Água Quente sob Ponte Vermelha,
de Shohei Imamura

Hakai hashi noshitano nuri mizu, Japão/França, 2001


Ao se tentar pensar a posição de Shohei Imamura dentro do cinema japonês, e mais especialmente, suas posições sobre seu próprio país, não é difícil chegar a um perplexo estranhamento. Ao mesmo tempo crítico da tradição e desconfiado do processo de ocidentalização do Japão, que estava em pleno vigor quando da formação do cineasta e ainda à época de seus primeiros filmes, é sempre difícil tentar enquadra-lo. Pode-se identificar, de fato, um gosto por uma certa forma de anarquismo, mas ainda assim uma não muito fácil de descrever, que poderia ser vista até mesmo como um anarquismo conservador. Em 89, após realizar o excepcional Black Rain, Imamura anunciou que se tratava de seu último filme. Oito anos depois mudou de idéia e realizou A Enguia, ao qual se seguiram Dr. Akagi e este Água Quente sob uma Ponte Vermelha.

À primeira vista, este esforço de colocar em perspectiva um pouco da obra de Shohei Imamura pode soar estranha, mas o fato é que o Imamura dos filmes recentes já não é o mesmo de antes. Um fã incauto que se confronte com este Água Quente sob uma Ponte Vermelha poderia, num primeiro momento, até se perguntar sobre o que aconteceu com o autor de Minha Vingança e A Balada de Narayama. Impressiona, por exemplo, o quanto o Imamura recente lembra o último John Ford, especialmente o de filmes como O Aventureiro do Pacífico. Não se trata, afinal, de um paralelo que em outros tempos se esperaria traçar. Mas lá está, seja no humor, seja no tom descontraído, nas pequenas comunidades construídas à margem, seja na preferência por valorizar as pequenas excentricidades das personagens sobre a trama.

Impressiona também o quanto Água Quente sob uma Ponte Vermelha e A Enguia têm em comum. São pequenas comédias passadas em comunidades que parecem existir fora do Japão atual, onde um homem (Koji Yakusho, ambas as vezes) se vê imposto a reconstruir sua vida, aí incluída a sua própria identidade, bem longe daquela que um dia teve (em ambos os filmes Yakusho fora um executivo numa grande cidade). A segunda chance acaba se dando através de uma mulher (Misa Shimizu) tanto num quanto no outro. Num primeiro momento estas duas pequenas fábulas parecem até mesmo excluir o Japão contemporâneo completamente, mas nada podia ser mais distante do temperamento não-conformista de Imamura, e é exatamente o Japão que está no centro deste dois belos pequenos filmes.
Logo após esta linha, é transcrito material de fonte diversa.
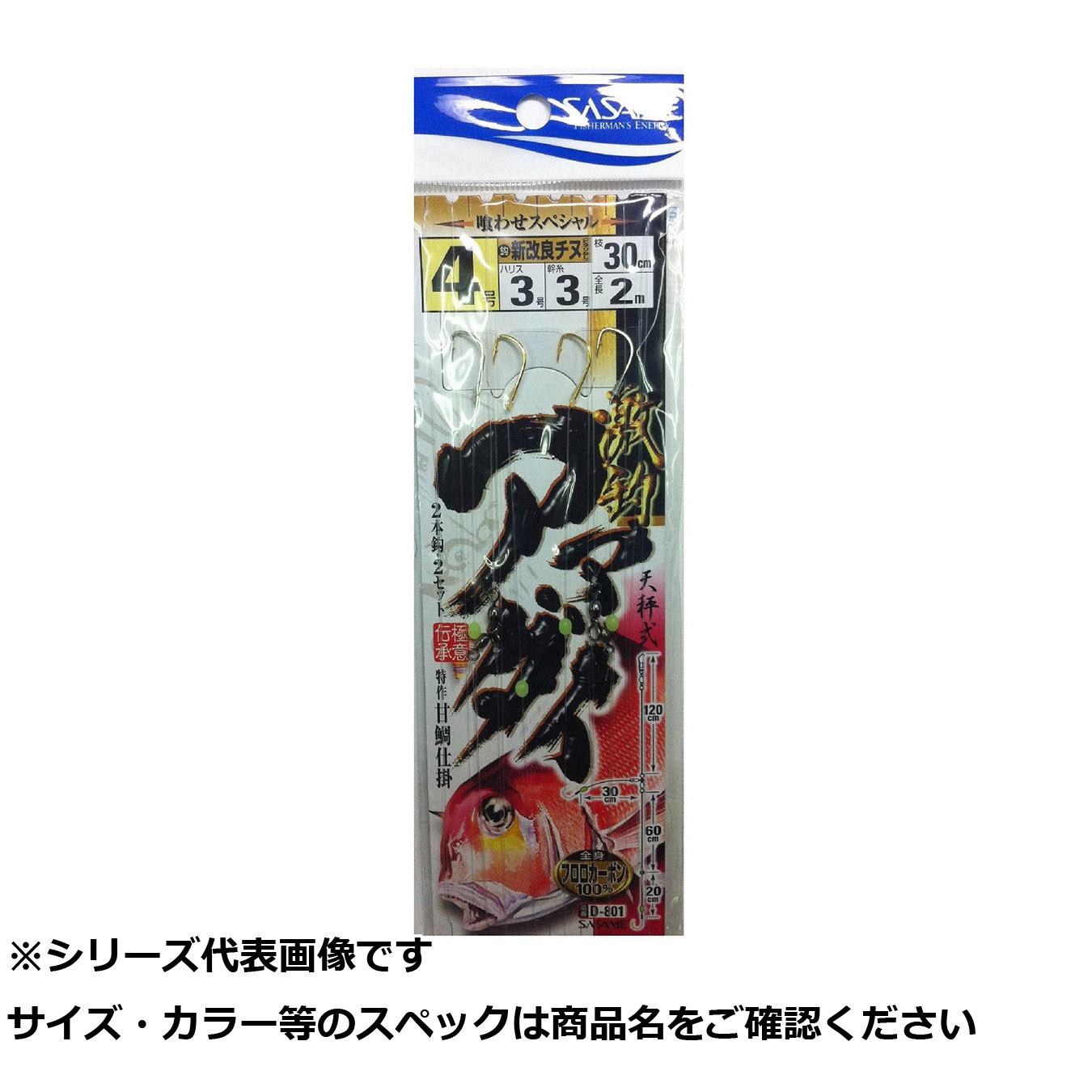 【 まとめ買い15個セット 】 ササメ D801 激釣アマダイ 4 【 送料無料 】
A julgar pelo que de melhor o seu cinema vem produzindo (os filmes de Takeshi Kitano, Shinji Ayoama, Kiyoshi Kurosawa) o Japão é um país em crise existencial. Água Quente sob uma Ponte Vermelha não esta nem um pouco distante destes filmes, mas a abordagem, como não podia deixar de ser, é bem própria de Imamura. Há um imenso desencanto nas cenas iniciais do filme, como se o cineasta reconhecesse que muitas das conseqüências que ele apontara na ocidentalização do seu país se confirmaram, há uma visão bastante negativa sobre o momento do país. Não é à toa que haja tanto humor em Água Quente sob uma Ponte Vermelha é como se Imamura tentasse, em vão, diminuir a dor que marca cada personagem. Há ainda que se destacar Koji Yakusho, que além de A Enguia e destes filmes, protagonizou Eureka de Ayoama e todos os trabalhos recentes de Kurosawa. É um caso de casting perfeito, o seu rosto é ao mesmo tempo absolutamente banal e marcado, como se por dentro ele estivesse sempre sangrando.

Se Água Quente sob uma Ponte Vermelha acaba por se revelar um grande filme, isto também passa muito por algumas das opções do Imamura recente, que talvez o faça parecer, num primeiro momento, um filme banal. De fato trata-se de um filme menor, da mesma forma como antes o fora A Enguia. Pode-se até mesmo questionar se este Imamura dos últimos filmes não perdeu algo, e de fato, talvez o tenha, mas há compensações. Água Quente sob uma Ponte Vermelha (como antes já era A Enguia) é um filme que alcança sua grandeza justamente na medida que aposta nos pequenos detalhes, na forma discreta com que dá valor aos objetos ao redor de suas personagens, em como valoriza nuanças de comportamento das mesmas ou como insere um belo, mas discreto e aparentemente sem importância, plano no meio de uma seqüência. É, por fim, um filme que parece pedir para ser subestimado, mas é justamente na soma destes pequenos momentos que Shohei Imamura termina por atingir mais um grande momento de seu cinema.